Griffin’s comfort, Gores knew, would be critical for the Pistons to start ticking off everything he wants to achieve – to deliver a championship-caliber team to Pistons fans and use that enhanced platform to help further Detroit and the region’s transformation. It’s an approach Gores doesn’t just apply to star players; it’s a connection he strives for with all players brought into the fold.

“I’ve always made a point to get to know our players, to make a personal connection,” he said. “For me, these relationships are bigger than basketball. That’s part of the culture we’ve established with the Pistons.”

Griffin was admittedly caught off guard by the trade, especially since he’d only last summer signed a five-year contract. But he’d had a chance to talk by phone with Stan Van Gundy before arriving at the Gores home and requested video clips to get a jump start on how he’d fit with his new team.

The Griffin brothers and Goldfeder arrived separately between 7 and 7:30 p.m., a few hours after the teams had formally agreed to the six-player swap.

Gores joined them a few minutes after Blake Griffin arrived, delayed momentarily because he was finishing a phone conversation with Tobias Harris, thanking him for his two years with the Pistons that included the 2016 playoff drive to give Gores his first taste of the postseason since buying the franchise in 2011.

There was a nearly immediate familiarity as Gores welcomed Griffin to the family, he said.

“Going to Tom’s house and sitting down to talk to him was awesome,” Griffin said. “I felt welcome and part of the family right away.
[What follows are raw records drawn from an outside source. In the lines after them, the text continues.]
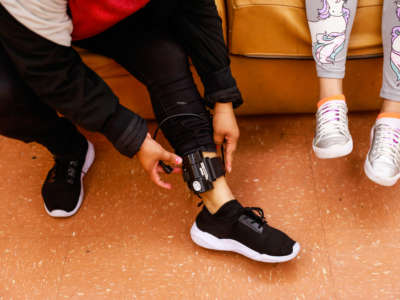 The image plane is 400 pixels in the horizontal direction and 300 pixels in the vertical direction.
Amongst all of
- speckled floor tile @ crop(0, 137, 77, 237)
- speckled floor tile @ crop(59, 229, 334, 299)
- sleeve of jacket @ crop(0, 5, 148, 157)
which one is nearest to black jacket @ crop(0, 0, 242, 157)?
sleeve of jacket @ crop(0, 5, 148, 157)

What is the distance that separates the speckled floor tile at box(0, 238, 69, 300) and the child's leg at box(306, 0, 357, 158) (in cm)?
74

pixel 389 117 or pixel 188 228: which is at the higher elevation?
pixel 389 117

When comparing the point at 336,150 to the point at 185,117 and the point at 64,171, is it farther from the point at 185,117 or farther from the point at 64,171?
the point at 64,171

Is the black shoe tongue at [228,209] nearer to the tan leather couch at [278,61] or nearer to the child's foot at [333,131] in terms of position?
the child's foot at [333,131]

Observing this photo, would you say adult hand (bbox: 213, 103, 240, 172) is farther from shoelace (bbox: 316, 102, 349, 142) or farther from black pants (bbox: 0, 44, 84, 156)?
black pants (bbox: 0, 44, 84, 156)

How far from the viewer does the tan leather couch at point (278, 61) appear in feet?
2.74

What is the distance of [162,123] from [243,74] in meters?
0.32

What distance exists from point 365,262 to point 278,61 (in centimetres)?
56

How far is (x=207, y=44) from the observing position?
0.74 metres

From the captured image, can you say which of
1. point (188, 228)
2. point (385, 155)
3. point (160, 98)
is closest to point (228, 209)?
point (188, 228)

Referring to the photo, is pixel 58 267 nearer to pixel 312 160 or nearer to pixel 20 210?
pixel 20 210

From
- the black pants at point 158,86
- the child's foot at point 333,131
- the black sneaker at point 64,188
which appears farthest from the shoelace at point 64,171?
the child's foot at point 333,131

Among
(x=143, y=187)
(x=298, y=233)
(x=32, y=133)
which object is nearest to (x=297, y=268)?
(x=298, y=233)

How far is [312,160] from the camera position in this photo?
3.39 feet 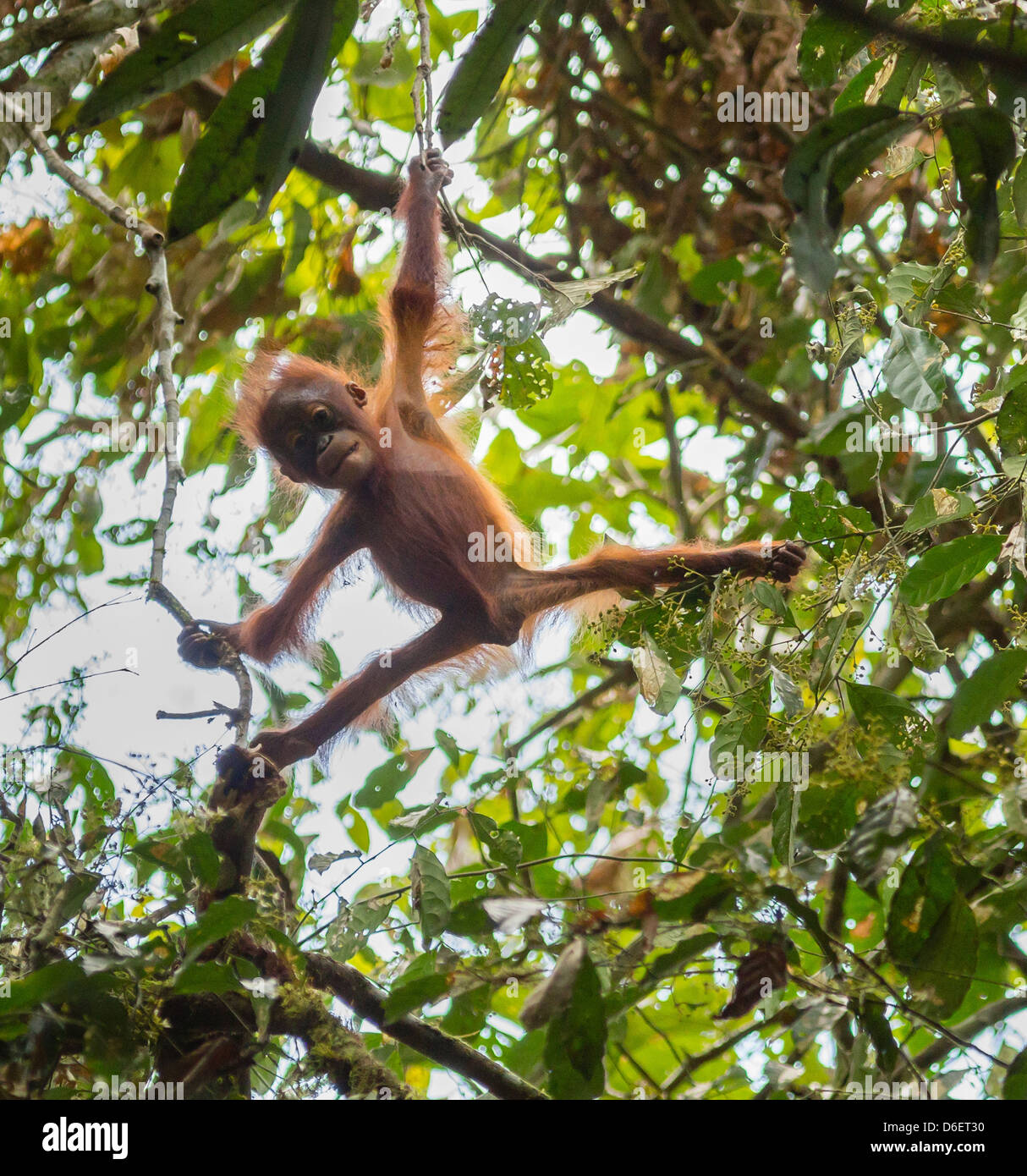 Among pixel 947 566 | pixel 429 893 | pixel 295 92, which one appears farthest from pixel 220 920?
pixel 947 566

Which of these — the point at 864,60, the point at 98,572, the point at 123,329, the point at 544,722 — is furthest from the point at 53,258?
the point at 864,60

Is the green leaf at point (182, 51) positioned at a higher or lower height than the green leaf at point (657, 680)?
higher

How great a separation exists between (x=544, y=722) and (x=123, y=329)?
7.00 ft

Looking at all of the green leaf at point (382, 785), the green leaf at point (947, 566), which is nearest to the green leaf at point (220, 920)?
the green leaf at point (382, 785)

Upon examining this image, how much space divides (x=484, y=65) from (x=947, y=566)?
45.2 inches

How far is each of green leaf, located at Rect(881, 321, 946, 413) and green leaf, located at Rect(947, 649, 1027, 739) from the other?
0.45 metres

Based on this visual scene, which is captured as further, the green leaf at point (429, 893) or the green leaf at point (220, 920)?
the green leaf at point (429, 893)

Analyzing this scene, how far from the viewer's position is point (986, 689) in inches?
73.0

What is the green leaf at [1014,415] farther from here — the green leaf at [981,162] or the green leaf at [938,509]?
the green leaf at [981,162]

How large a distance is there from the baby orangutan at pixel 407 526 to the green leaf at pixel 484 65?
1.18 meters

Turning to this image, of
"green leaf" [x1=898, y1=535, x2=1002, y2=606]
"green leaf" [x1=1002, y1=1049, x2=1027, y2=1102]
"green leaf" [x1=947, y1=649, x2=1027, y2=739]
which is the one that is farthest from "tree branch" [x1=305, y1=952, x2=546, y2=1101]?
"green leaf" [x1=898, y1=535, x2=1002, y2=606]

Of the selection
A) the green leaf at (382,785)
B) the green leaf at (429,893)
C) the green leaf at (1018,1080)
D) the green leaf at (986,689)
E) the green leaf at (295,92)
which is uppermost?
the green leaf at (295,92)

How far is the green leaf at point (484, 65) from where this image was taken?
143cm

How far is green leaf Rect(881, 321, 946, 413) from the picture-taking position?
6.29ft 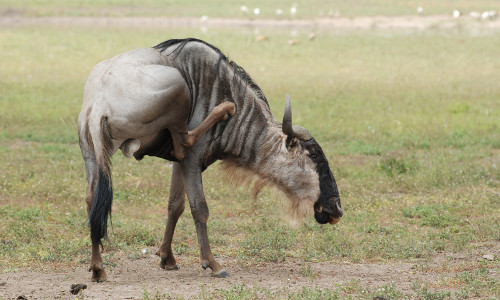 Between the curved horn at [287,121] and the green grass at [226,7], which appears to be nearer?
the curved horn at [287,121]

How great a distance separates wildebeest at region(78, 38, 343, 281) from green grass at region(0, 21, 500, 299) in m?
0.50

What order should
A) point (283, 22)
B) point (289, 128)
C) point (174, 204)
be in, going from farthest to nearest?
point (283, 22), point (174, 204), point (289, 128)

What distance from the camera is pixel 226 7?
42562mm

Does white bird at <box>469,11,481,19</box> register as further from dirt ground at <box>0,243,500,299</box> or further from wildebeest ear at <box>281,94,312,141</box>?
wildebeest ear at <box>281,94,312,141</box>

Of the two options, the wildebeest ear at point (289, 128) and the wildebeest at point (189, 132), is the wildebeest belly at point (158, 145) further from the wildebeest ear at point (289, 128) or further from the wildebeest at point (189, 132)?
the wildebeest ear at point (289, 128)

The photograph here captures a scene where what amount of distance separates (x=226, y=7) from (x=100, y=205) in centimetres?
3802

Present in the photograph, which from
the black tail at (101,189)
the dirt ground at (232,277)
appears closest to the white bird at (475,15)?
the dirt ground at (232,277)

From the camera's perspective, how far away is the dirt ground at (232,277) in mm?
5609

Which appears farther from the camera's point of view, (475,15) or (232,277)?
(475,15)

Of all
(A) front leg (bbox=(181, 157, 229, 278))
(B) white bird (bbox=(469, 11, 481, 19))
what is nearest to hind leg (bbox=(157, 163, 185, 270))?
(A) front leg (bbox=(181, 157, 229, 278))

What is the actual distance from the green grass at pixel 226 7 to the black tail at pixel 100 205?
32695 millimetres

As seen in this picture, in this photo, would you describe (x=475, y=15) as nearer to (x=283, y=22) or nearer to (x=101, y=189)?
(x=283, y=22)

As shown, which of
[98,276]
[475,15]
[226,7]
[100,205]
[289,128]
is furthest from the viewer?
[226,7]

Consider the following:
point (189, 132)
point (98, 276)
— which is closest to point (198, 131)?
point (189, 132) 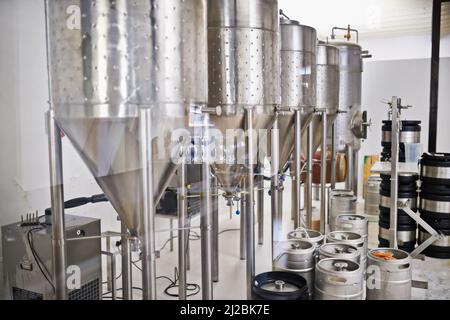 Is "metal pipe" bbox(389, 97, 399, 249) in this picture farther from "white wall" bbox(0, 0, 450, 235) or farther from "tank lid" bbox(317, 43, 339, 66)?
"white wall" bbox(0, 0, 450, 235)

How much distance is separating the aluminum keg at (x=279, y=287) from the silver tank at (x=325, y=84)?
6.30ft

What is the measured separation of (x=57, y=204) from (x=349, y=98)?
3.59 meters

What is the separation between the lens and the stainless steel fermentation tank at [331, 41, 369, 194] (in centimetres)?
439

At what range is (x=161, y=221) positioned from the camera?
3617mm

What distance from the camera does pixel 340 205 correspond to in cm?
355

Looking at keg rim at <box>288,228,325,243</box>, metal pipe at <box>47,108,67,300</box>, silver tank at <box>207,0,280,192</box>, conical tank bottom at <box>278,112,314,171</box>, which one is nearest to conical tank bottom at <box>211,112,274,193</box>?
silver tank at <box>207,0,280,192</box>

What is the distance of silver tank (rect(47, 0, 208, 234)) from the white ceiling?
264 centimetres

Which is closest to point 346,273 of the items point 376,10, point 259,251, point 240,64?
point 240,64

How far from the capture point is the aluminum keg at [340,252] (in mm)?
1980

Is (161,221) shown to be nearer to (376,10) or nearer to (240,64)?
(240,64)

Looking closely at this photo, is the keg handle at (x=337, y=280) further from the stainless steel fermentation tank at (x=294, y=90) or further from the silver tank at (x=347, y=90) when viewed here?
the silver tank at (x=347, y=90)

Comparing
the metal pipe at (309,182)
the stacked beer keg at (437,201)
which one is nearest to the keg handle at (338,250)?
the metal pipe at (309,182)

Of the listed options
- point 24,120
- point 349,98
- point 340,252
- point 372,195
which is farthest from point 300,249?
point 349,98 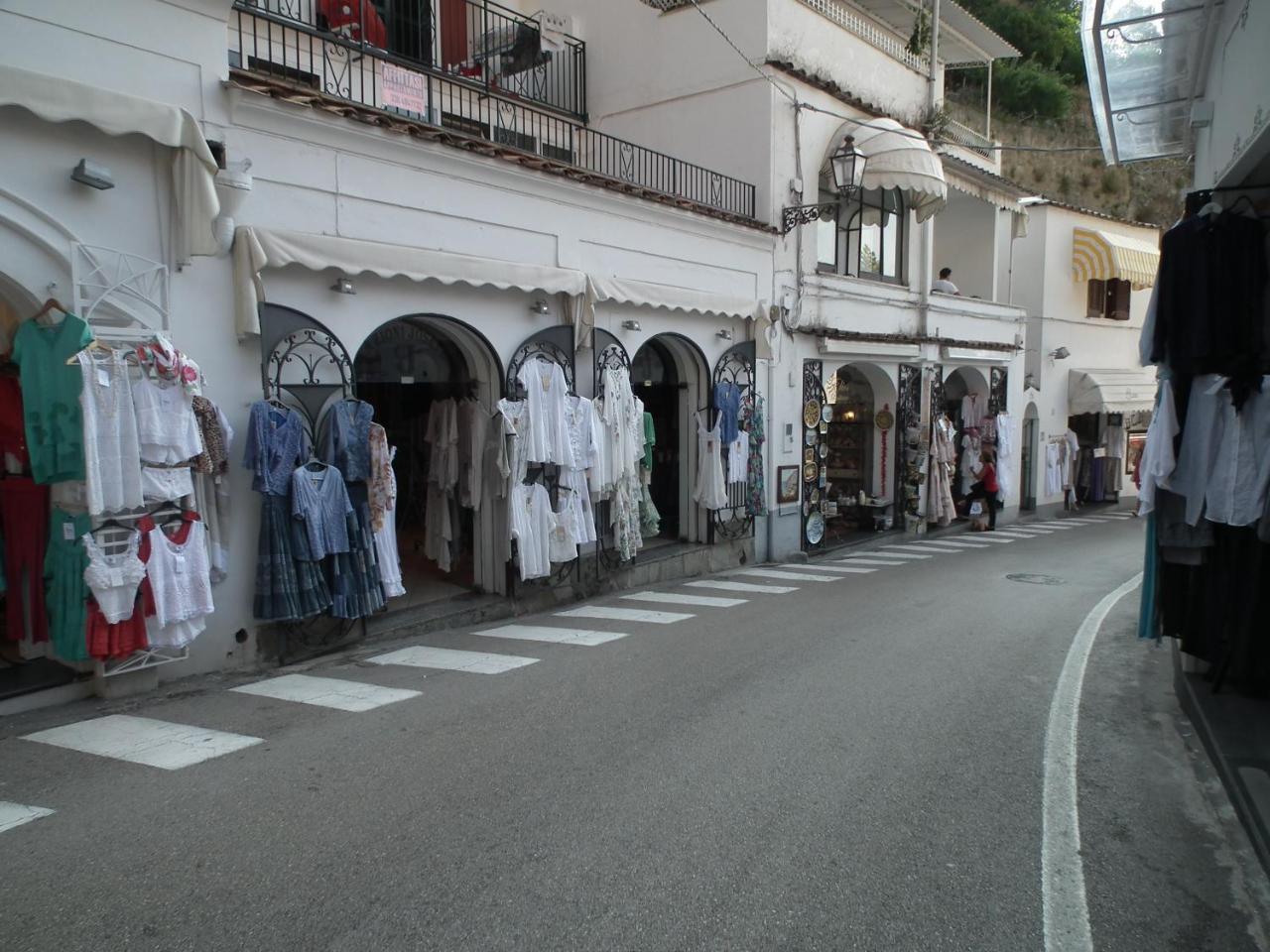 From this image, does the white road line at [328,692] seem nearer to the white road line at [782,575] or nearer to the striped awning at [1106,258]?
the white road line at [782,575]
He was unbelievable. He talked about his personal story, about him as an owner, and he just put my mind at ease knowing that he was personally invested in this.”

Before the evening was too far along, Gores’ wife, Holly, and their teen son, Charles, joined the gathering. Griffin grew up and attended college in Oklahoma and Holly Gores spoke of the shared Midwestern values Griffin would come to find in Michigan. Then Charles struck a cord – as a teenager for whom moves can be jarring – when he explained his belief Griffin would enjoy the people and communities he’d find in and around Detroit.

“He was great,” Griffin said. “He kind of reminded me that at the end of the day it’s about the people you’re surrounded with. Once I got here, I definitely saw what he was saying. It reminds me a lot of home – the quality of the people that genuinely care, people that are excited about sports. All of that, it’s definitely made this transition much, much easier.”

Toward the end of the four-hour get-together, Tom Gores and Blake Griffin squared off in a pool match against Taylor Griffin and Goldfeder on the patio.

Owner and superstar saw in each other a common trait.

“He’s a competitor,” Griffin smiled. “It was myself and him against my brother and my agent. We took that one. It was a good first win.”

Through their friendly bantering, the courses of food being delivered throughout the evening and in the way Gores observed Griffin going for that “first good win,” the wisdom of the trade was reinforced for him.

“I could tell how competitive he is,” Gores said. “I wanted to know what he was thinking. How did he feel about the move? What are his thoughts? He’s incredibly smart and a real pro. I value his opinion a lot. It was clear right away that Blake is more than a great basketball player – he’s a natural leader. He has great character, believes in hard work and competing to the highest standard.”

“We were very quickly on the same page with the same view of what we want to achieve and the approach to get there,” Gores said. “He’s definitely hit the ground running. It’s been great to see how his teammates, the whole organization and the fans have embraced him.”

As they parted, Taylor Griffin made a joking request of his hosts.

“There was a full spread of food,” Blake Griffin said. “We ate, but we were talking and the food kept coming every 30 minutes. At the end, my brother asked for a carryout box.”

The Griffin brothers and Goldfeder took away something more lasting – the assurance that this next chapter of Blake Griffin’s career would be built on a foundation of family and trust.